Diese erste Niederschrift muß also von einem qualifizierten Bearbeiter überprüft werden, wobei das Tonband im allgemeinen nochmals ablaufen muß, um überhaupt erst einmal festzulegen, was gesagt worden ist. Dann folgt unter vielen Korrekturen die sachliche, formale und sprachliche Bearbeitung des Wortlauts, der schließlich erneut abgeschrieben oder diktiert werden muß. Drei, wenn nicht vier Arbeitsgänge und ein großer Aufwand an Kräften und Zeit sind also dabei nötig. Noch unrationeller wäre das Verfahren bei Ausschußsitzungen, über die im Parlament in der Regel je nach Wichtigkeit mehr oder weniger gekürzte stenographische Berichte angefertigt werden.

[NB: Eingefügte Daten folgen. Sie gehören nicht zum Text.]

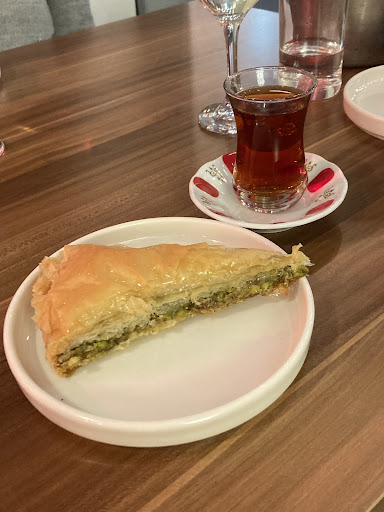 Photo of Laila Turkish Cuisine - Unite 10A, Belmont St, Aberdeen AB10 1LB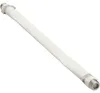 Cable SAT para ventana con conector F, blanco Vista previa de la imagen del producto 1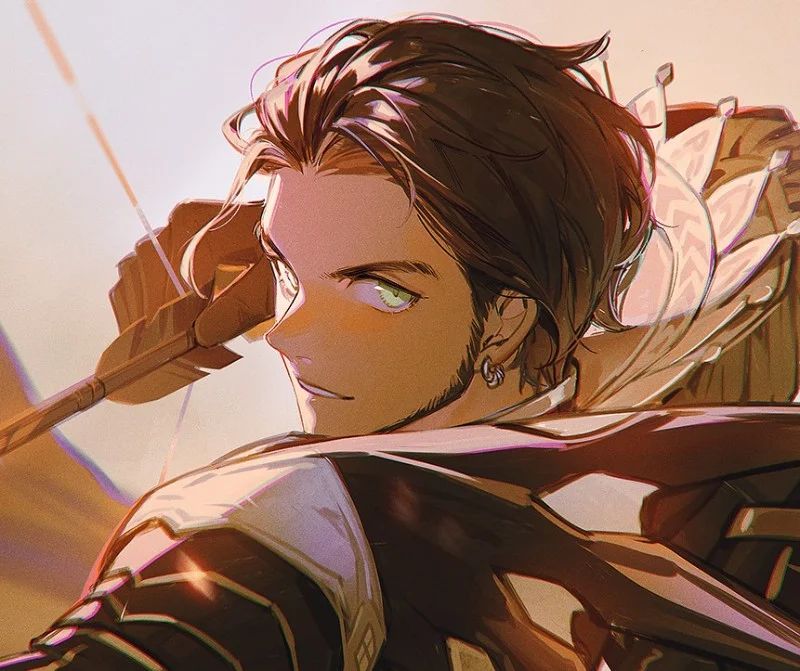 Avatar of Claude von Riegan 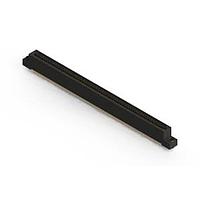EDAC 895-122-525-203 ຕົວຮັບ .100" (2.54mm) Pitch Card Edge Connector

Das praktische Ergebnis ist, daß das Tonband zwar in einer Reihe von Parlamenten zu Archiv- und Kontrollzwecken mitläuft, die stenographische Aufnahme aber die Grundlage bleibt. Parteien und politische Organisationen, Wirtschaftsverbände und Gewerkschaften, wissenschaftliche Vereinigungen und Industriegesellschaften lassen Tagungen und Generalversammlungen nach wie vor oder – nach Erfahrungen mit der Bandaufnahme – wieder von Verhandlungsstenographen aufnehmen, die deshalb oft in Terminschwierigkeiten geraten. Den Parlaments- und Verhandlungsstenographen bietet sich also auch heute ein weites Feld der Betätigung.